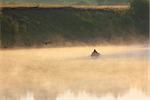 man fishing on morning river in fog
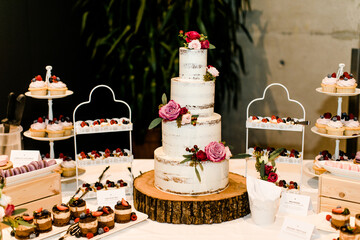 Weiße Hochzeitstorte und Dessertbuffet mit Cupcakes und Macarons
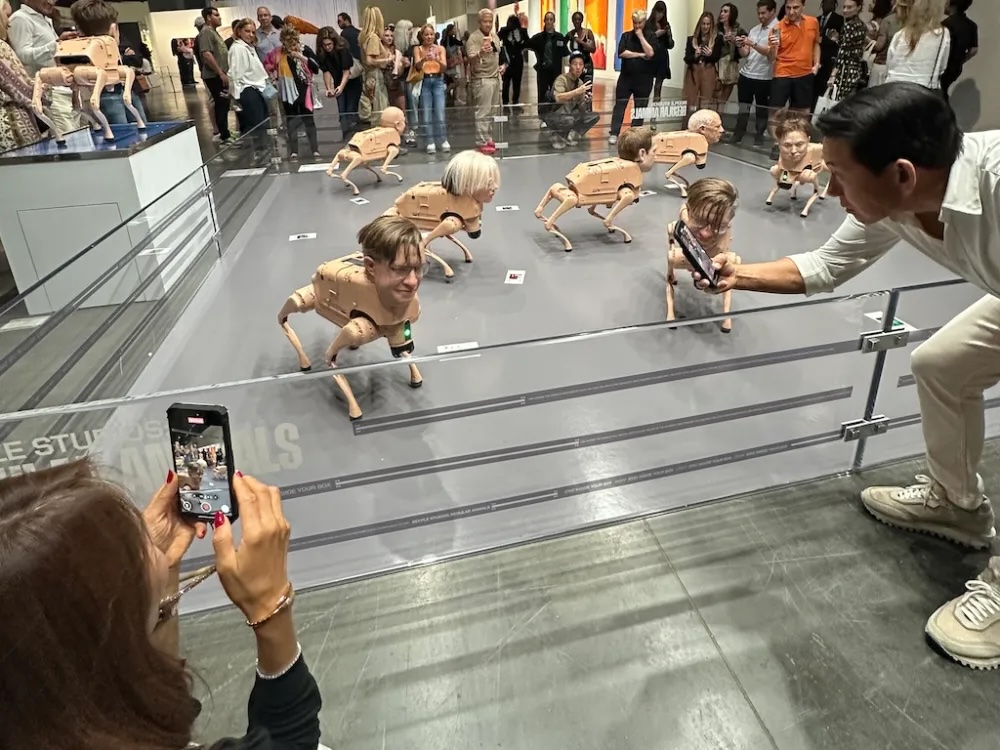 People looking at phones, looking at rBeeple's humanoid pig-dogs at Art Basel Miami Beach Daniel Cassady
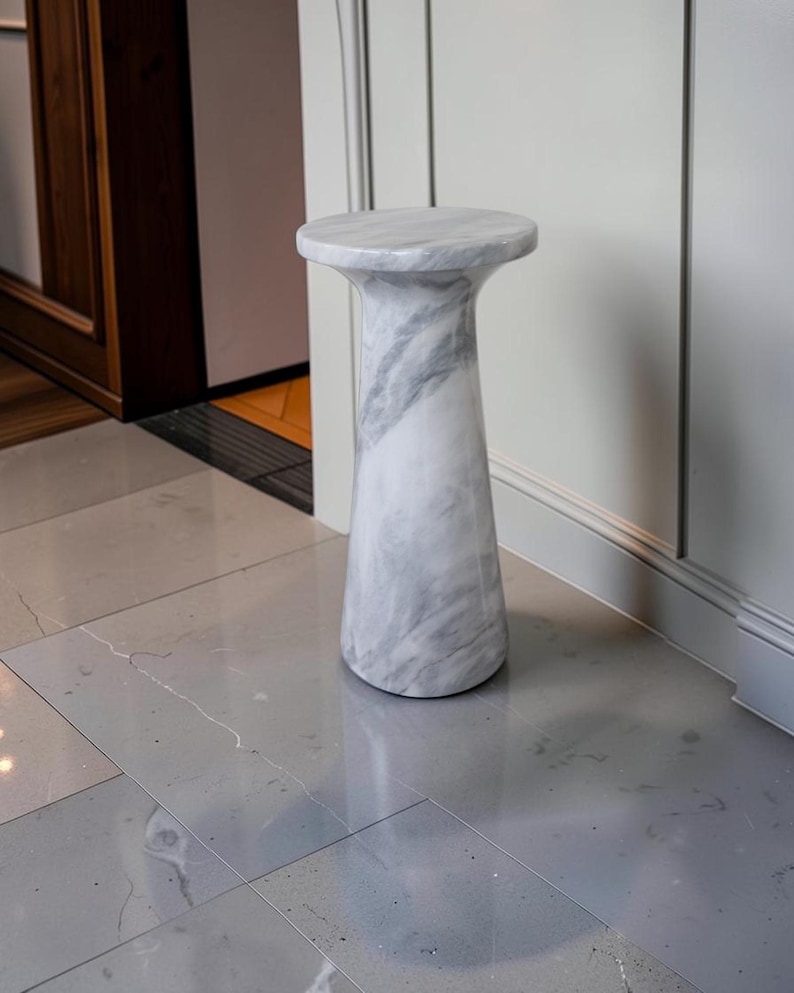 Puede incluir: Una mesa pedestal cil&iacute;ndrica fabricada en m&aacute;rmol blanco con vetas grises prominentes. La pieza presenta una superficie superior circular lisa que se transforma en una base c&oacute;nica y ensanchada, creando una estructura s&oacute;lida y estable.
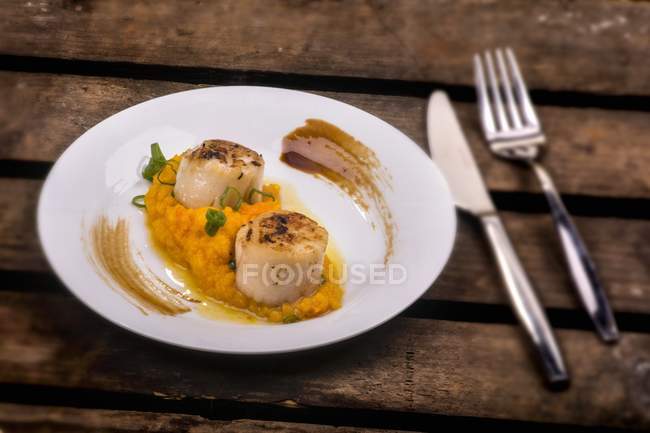 Scallops on a bed of mashed pumpkin and truffles  on white plate  over wooden surface — Stock Photo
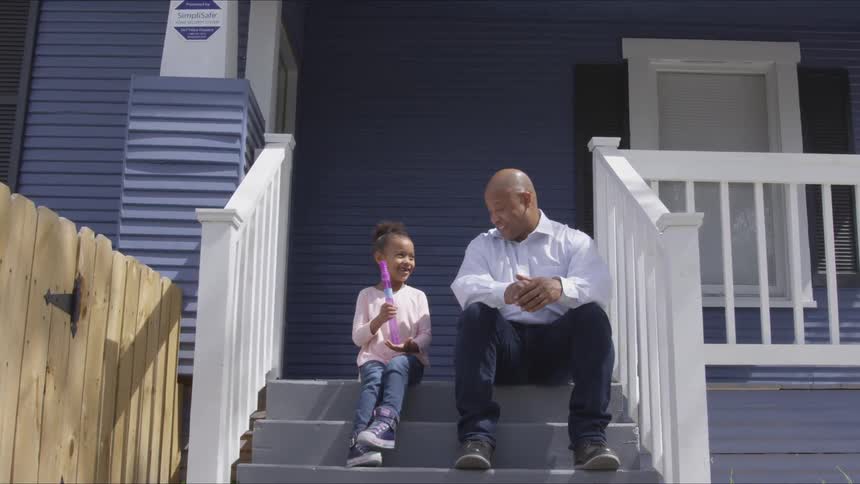 Man and a girl sit on a porch talking with each other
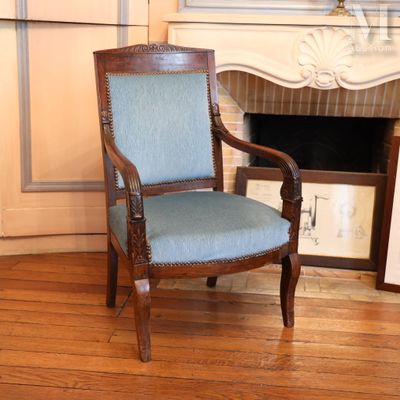 a chair that is sitting in front of a fireplace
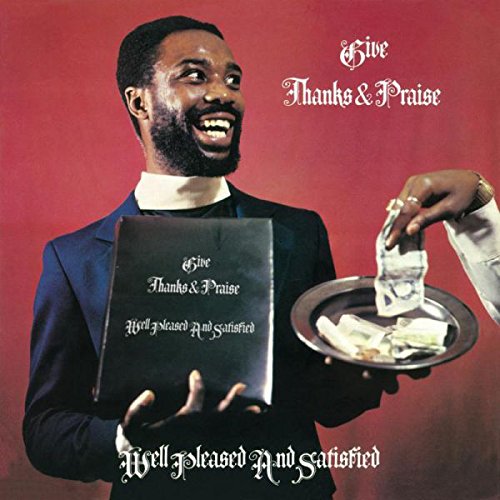 Man in suit holding a book and offering plate with money.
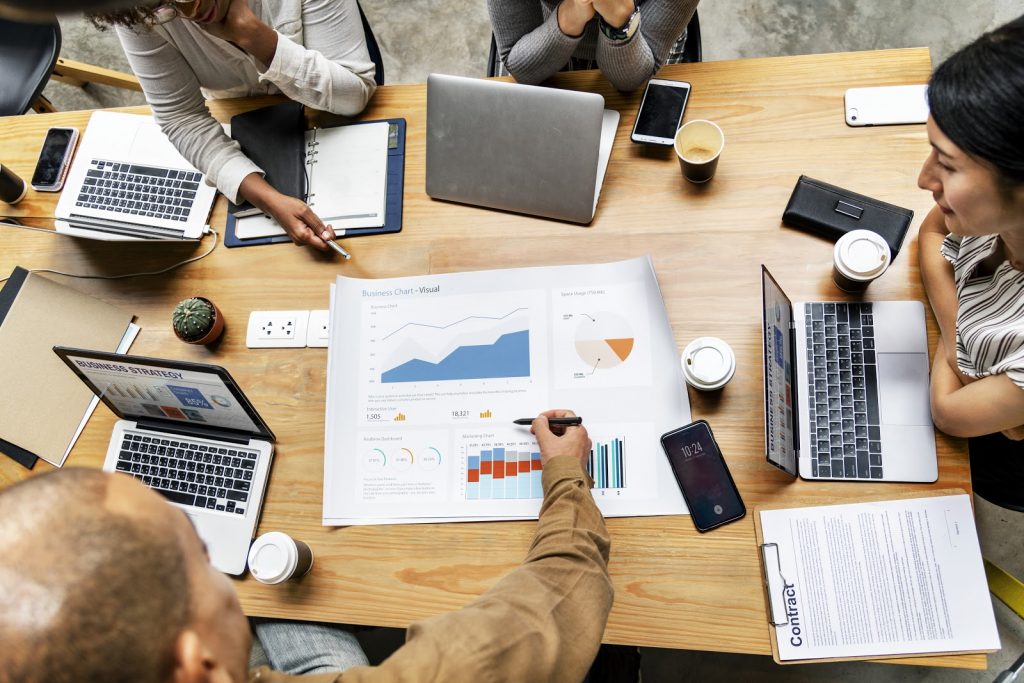 group of technical writers in Essential Data Corp having a business meeting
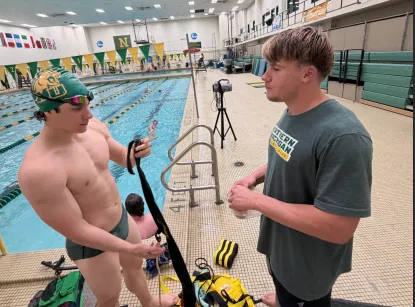 Coach with swimmer standing by an indoor pool before a meet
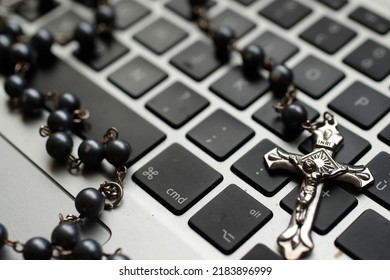 Catholic Rosary Beads On A Laptop Keyboard.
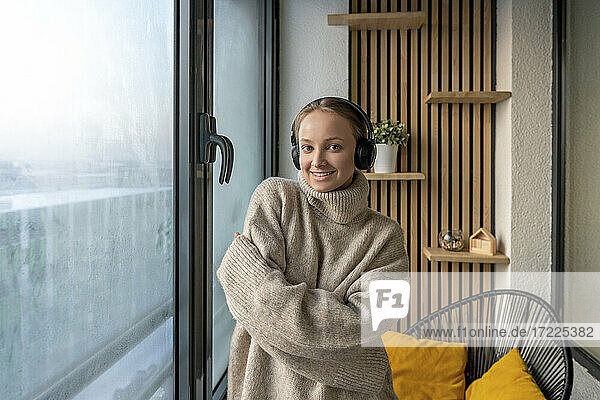 Junge lächelnde Frau mit Kopfhörern  die mit verschränkten Armen vor einem Fenster zu Hause steht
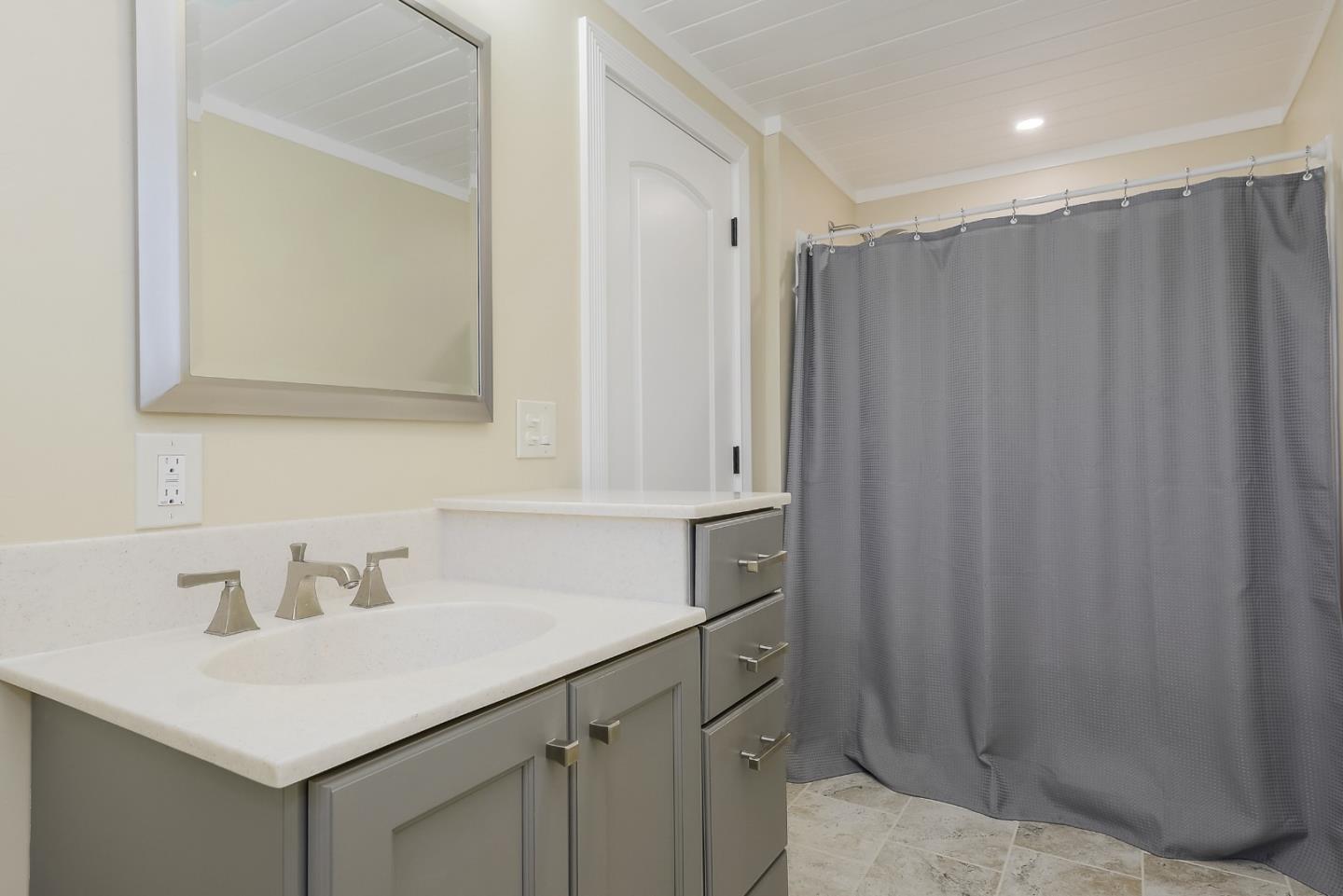 1249 Lime Drive Sunnyvale, CA 94087 - Photo 17 of 24 a bathroom with a sink and a mirror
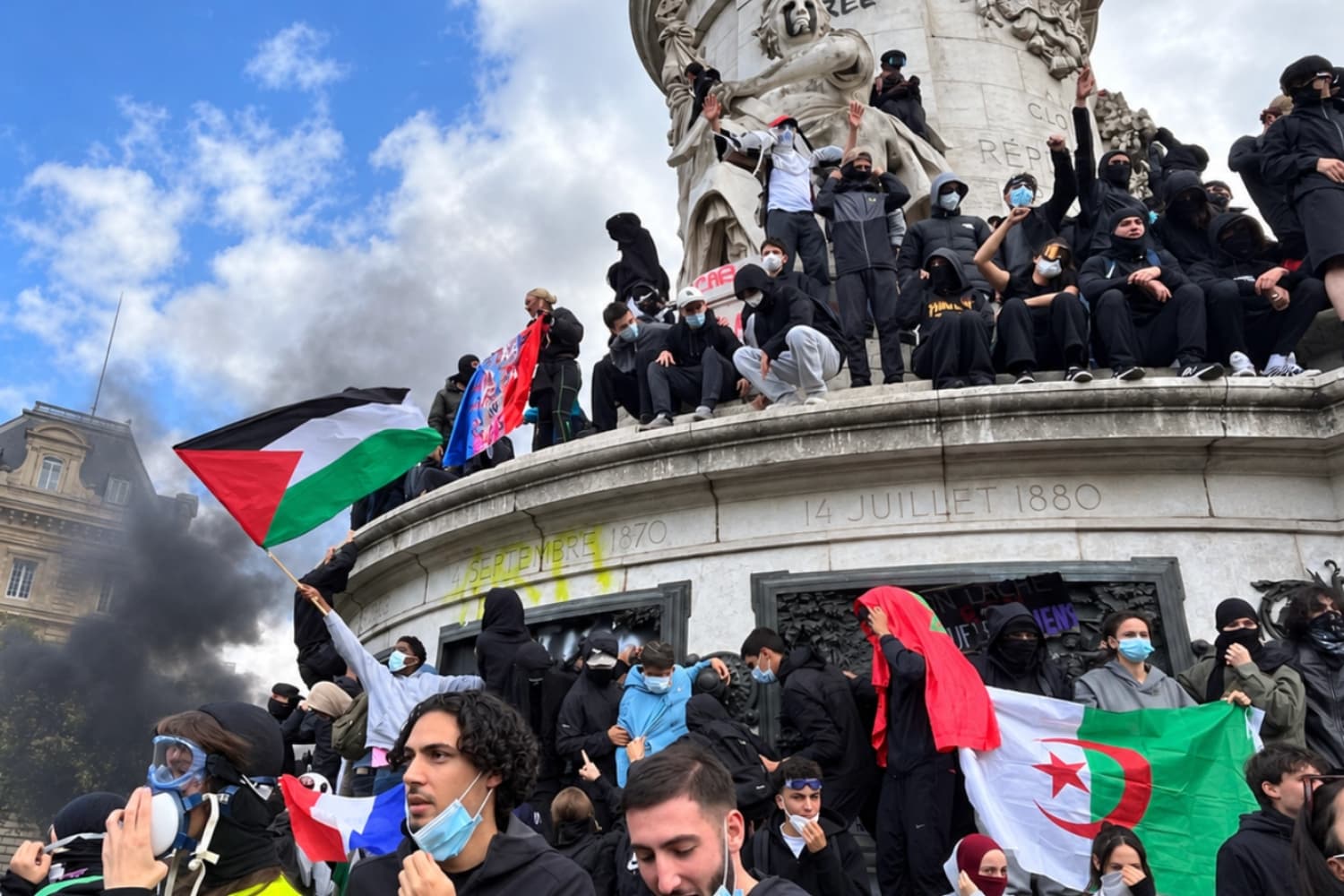 Manifestantes enmascarados en el Monumento a la República en la Plaza de la República de París durante las protestas de extrema izquierda del 17 de octubre de 2026. Se pueden ver banderas de Marruecos, Argelia y Palestina y una columna de humo negro.
(Etienne Fauchaire/The Epoch Times)
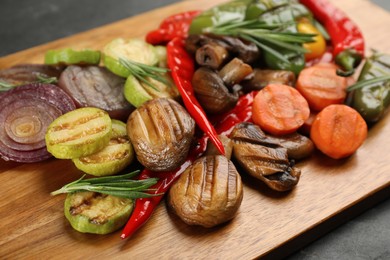 Photo of Delicious grilled vegetables with rosemary on wooden board, closeup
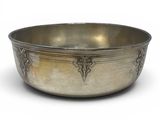 an antique silver bowl with a decorative design on the rim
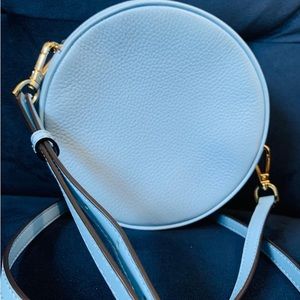 like new. A pretty bag in pale blue color, not my style anymore.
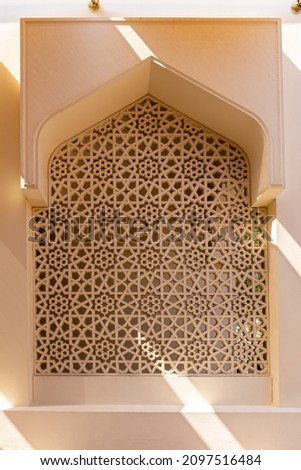 Arabic style mosque window with carved stone openwork, example of Islamic art, Dubai, United Arab Emirates.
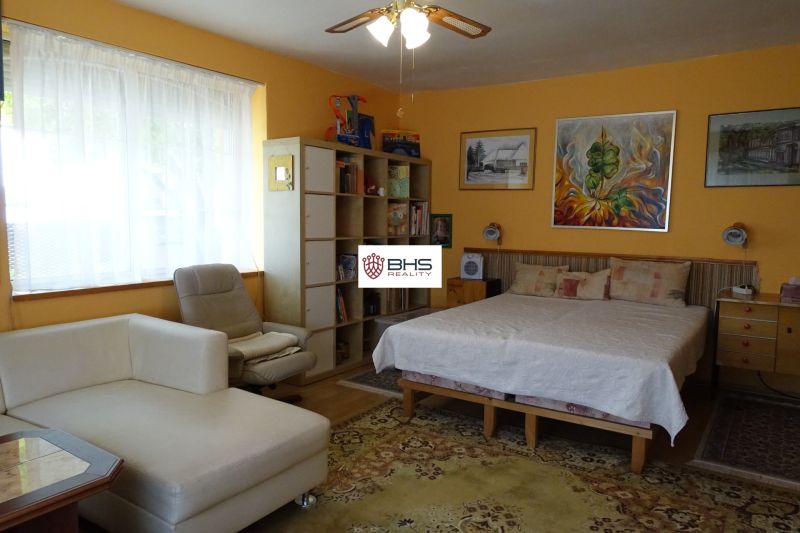 Bedroom in a family house with a large window, sofa, and wall paintings.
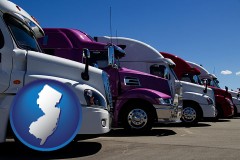 row of semi trucks at a truck dealership - with NJ icon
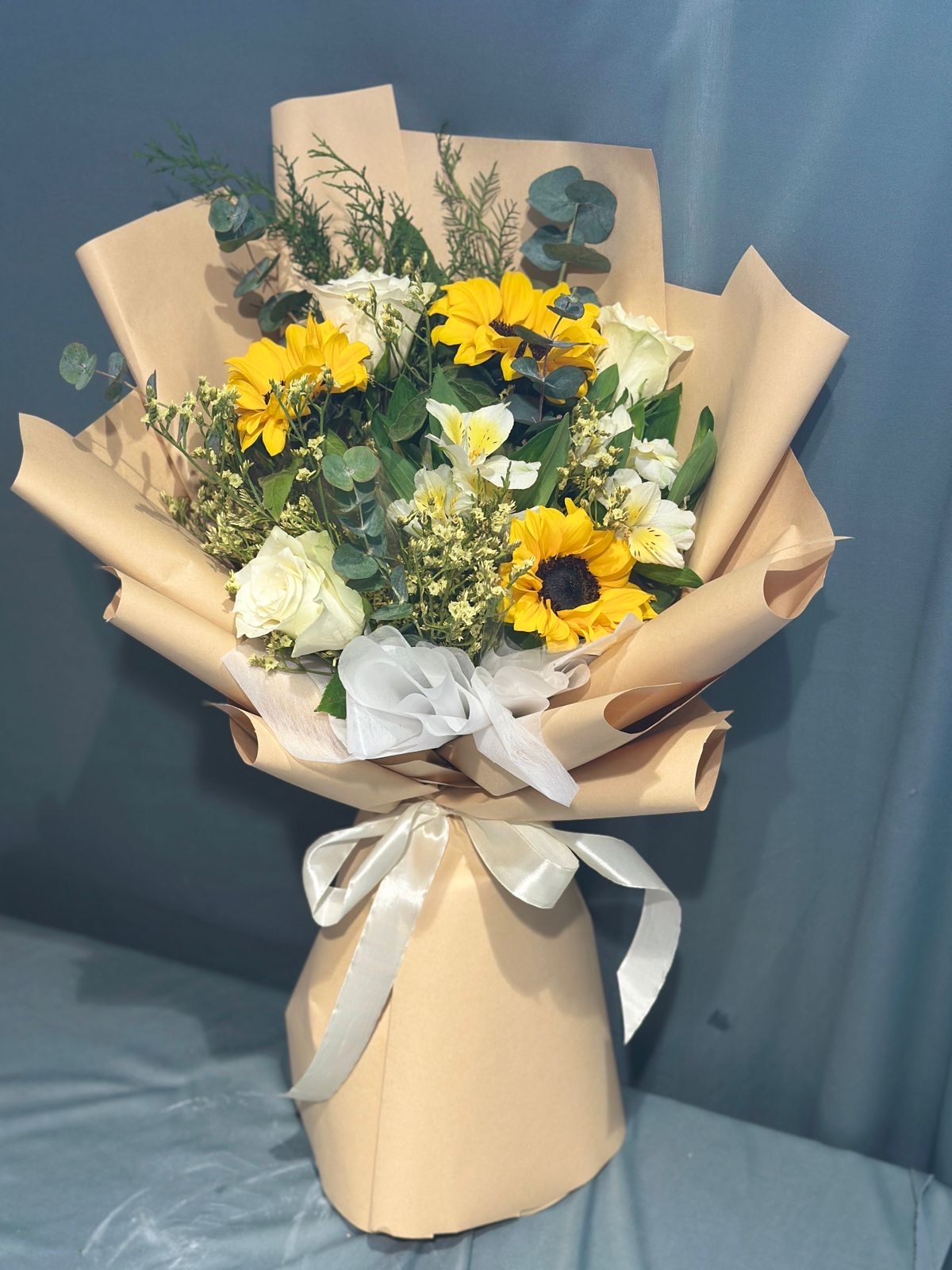 Sunflower with rose and astrameri hand bouquet.
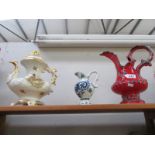 An ornamental teapot and 2 jugs.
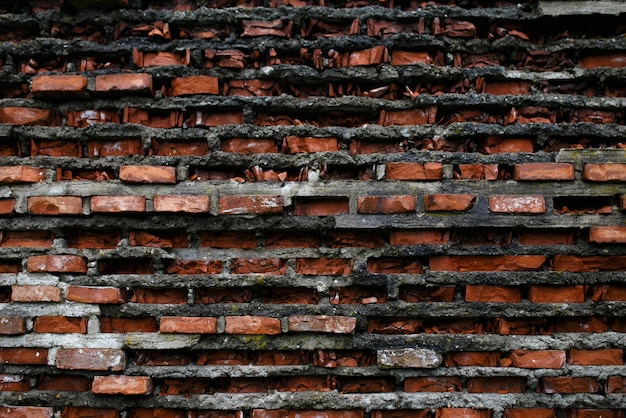 Old wall of broken bricks, wall of a collapsed building. Horizontal outside shot.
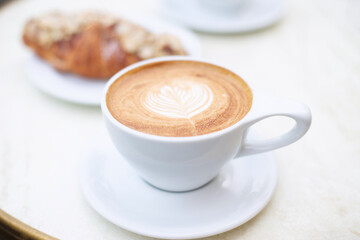 A cup of cappuccino and a croissant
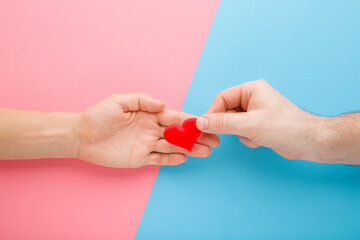 Young adult man hand giving red heart shape to woman palm on light pink blue table background. Pastel color. Concept of fall in love. Closeup. Lovely emotional, sentimental life moment. Top view.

____________________

• **BRIEF**
Above are some records. Reproduce the lines from the one with "Weiße Hochzeitstorte und" down to the one with "1249 Lime Drive", keeping both, and leave every picture out.

• **TASK RESPONSE**
 Weiße Hochzeitstorte und Dessertbuffet mit Cupcakes und Macarons
 People looking at phones, looking at rBeeple's humanoid pig-dogs at Art Basel Miami Beach Daniel Cassady
 Puede incluir: Una mesa pedestal cil&iacute;ndrica fabricada en m&aacute;rmol blanco con vetas grises prominentes. La pieza presenta una superficie superior circular lisa que se transforma en una base c&oacute;nica y ensanchada, creando una estructura s&oacute;lida y estable.
 Scallops on a bed of mashed pumpkin and truffles  on white plate  over wooden surface — Stock Photo
 Man and a girl sit on a porch talking with each other
 a chair that is sitting in front of a fireplace
 Man in suit holding a book and offering plate with money.
 group of technical writers in Essential Data Corp having a business meeting
 Coach with swimmer standing by an indoor pool before a meet
 Catholic Rosary Beads On A Laptop Keyboard.
 Junge lächelnde Frau mit Kopfhörern  die mit verschränkten Armen vor einem Fenster zu Hause steht
 1249 Lime Drive Sunnyvale, CA 94087 - Photo 17 of 24 a bathroom with a sink and a mirror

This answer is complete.